First let me attempt to destroy the great illusion, the mistaken belief that an attempt to build socialism in France has failed. Then I shall take up two questions I was asked frequently during a recent visit to New York City: How can a Socialist leader be Reagan’s most useful European friend? and How can a country with a radical tradition remain relatively aloof from the European nuclear disarmament movement?
Requiem for Social Democracy
Socialism has often been condemned for sins it did not commit. For a long time it has suffered from guilt by association with Soviet Communism. Now it is being blamed for the failures of social democracy.
The inability of the French Socialists and the supposedly socialist governments in southern Europe to cope with the current economic malaise is being triumphantly presented as proof that the socialist alternative to capitalism is a failure. The New York Times ran a series of articles last November and December showing that in Paris and Rome, in Madrid, Lisbon and Athens, Socialist dreams had foundered on political realities.
There is one fallacy in all such critiques: none of those places has tried socialism. What has not worked is the brand of “socialism” that does not venture beyond the limits of capitalism. Those who play a dirge for socialism are actually sounding a requiem for social democracy.
Demonstrating that point requires only a cursory review of the “failures” usually cited.
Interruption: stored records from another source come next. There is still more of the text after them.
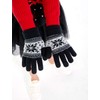 Kids Gloves Toddler Winter Snow Knit Touch Screen Girl Cold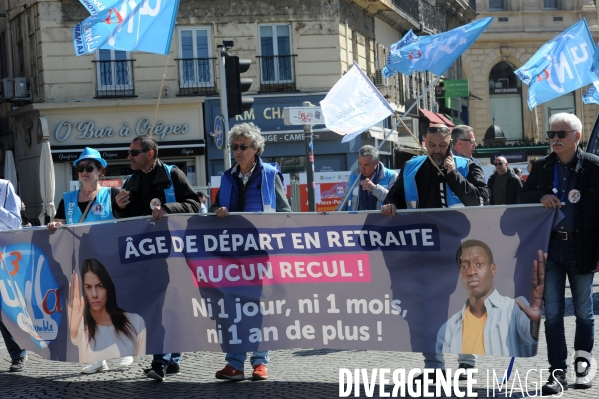 Manifestation du 28 Mars à Marseille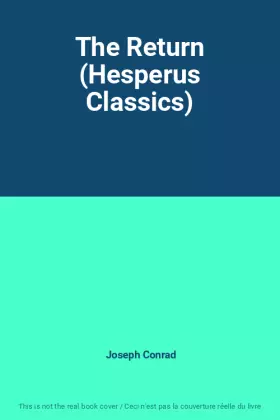 Couverture du produit · The Return (Hesperus Classics)
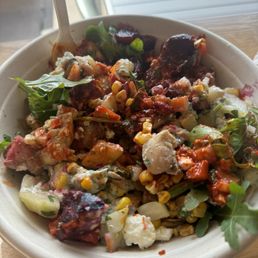 Mediterranean Harissa with chicken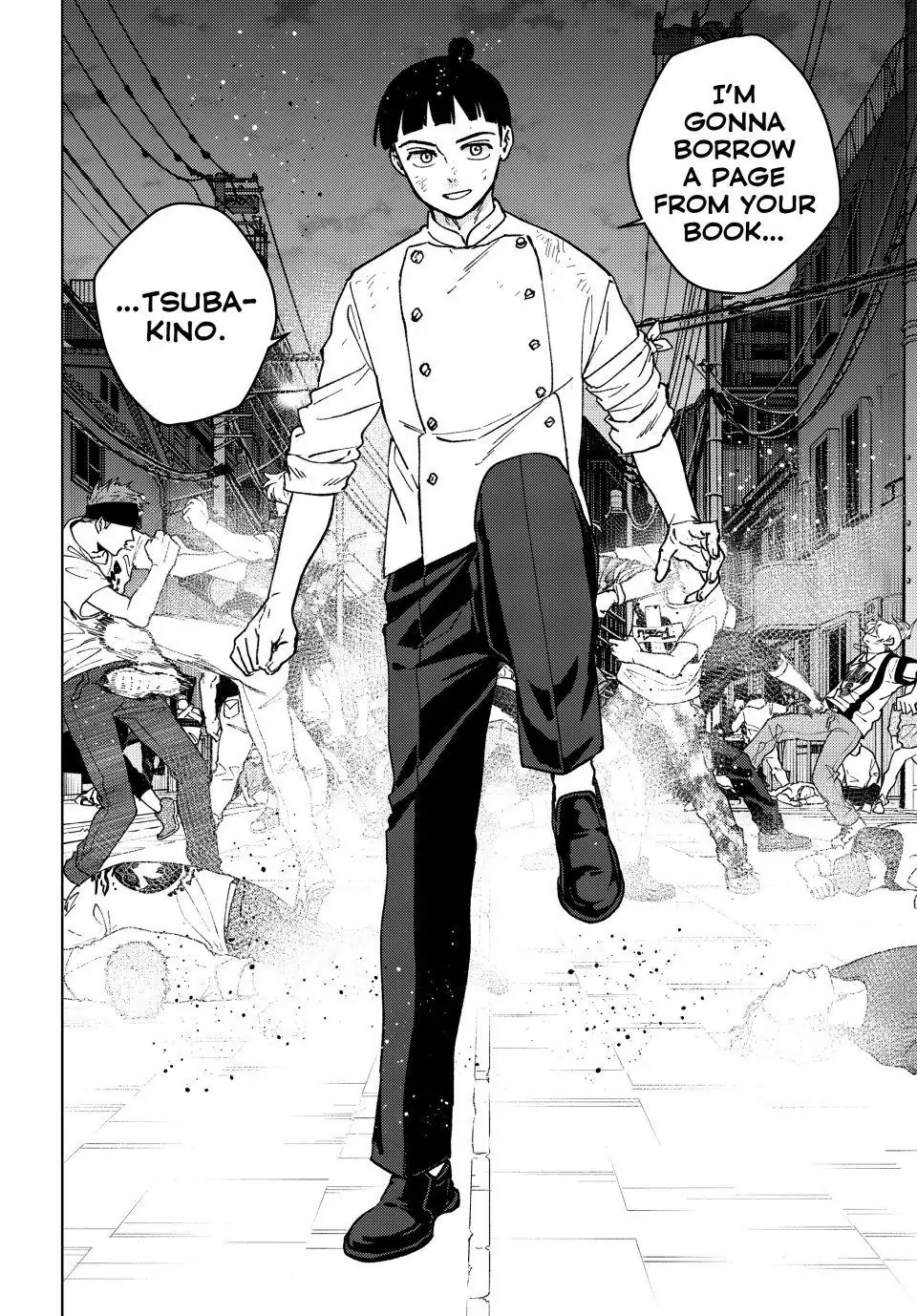 Read Wind Breaker Manga ENGLISH Manga Online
In Italy the government of Prime Minister Bettino Craxi does not qualify as socialist, since the ruling coalition is dominated by the Christian Democratic Party. Portugal’s Mario Soares was voted into power not to repeal the capitalist rules of the game but to restore them. As for Spain, Felipe González’s political course makes even Helmut Schmidt of West Germany look radical in retrospect.
To be sure, Portugal, Spain and Greece emerged only recently from years of dictatorial rule. The task of left-wing governments in those countries has been to restore and consolidate the basic freedoms of bourgeois democracy. Whether that can be done without fundamental economic reform is another question.
To ascertain whether the socialist experiment has failed or indeed has even been attempted, one must turn to Paris. After all, France is still governed by a popular front coalition that includes the Communist Party, and not so long ago Socialists considered the label “social democrat” an insult.
In fairness to Mitterrand, it should be said that he never asked for a mandate to build socialism in France nor did he promise to lead his supporters along the revolutionary road. In a way, the popular front alliance was formed as an alternative to revolution. In May 1968, France was shaken not by a simple student uprising but by the biggest sit-in strike in its history, an upheaval which took the traditional left-wing parties completely by surprise. Both the Communists and the Socialists had to decide how to direct a spontaneous mass movement into parliamentary channels, how to convince their supporters that while there were no revolutionary shortcuts, change could be effected gradually through existing institutions. The Common Program drawn up in 1972 by the Communists and the Socialists was a rough map of this reformist road.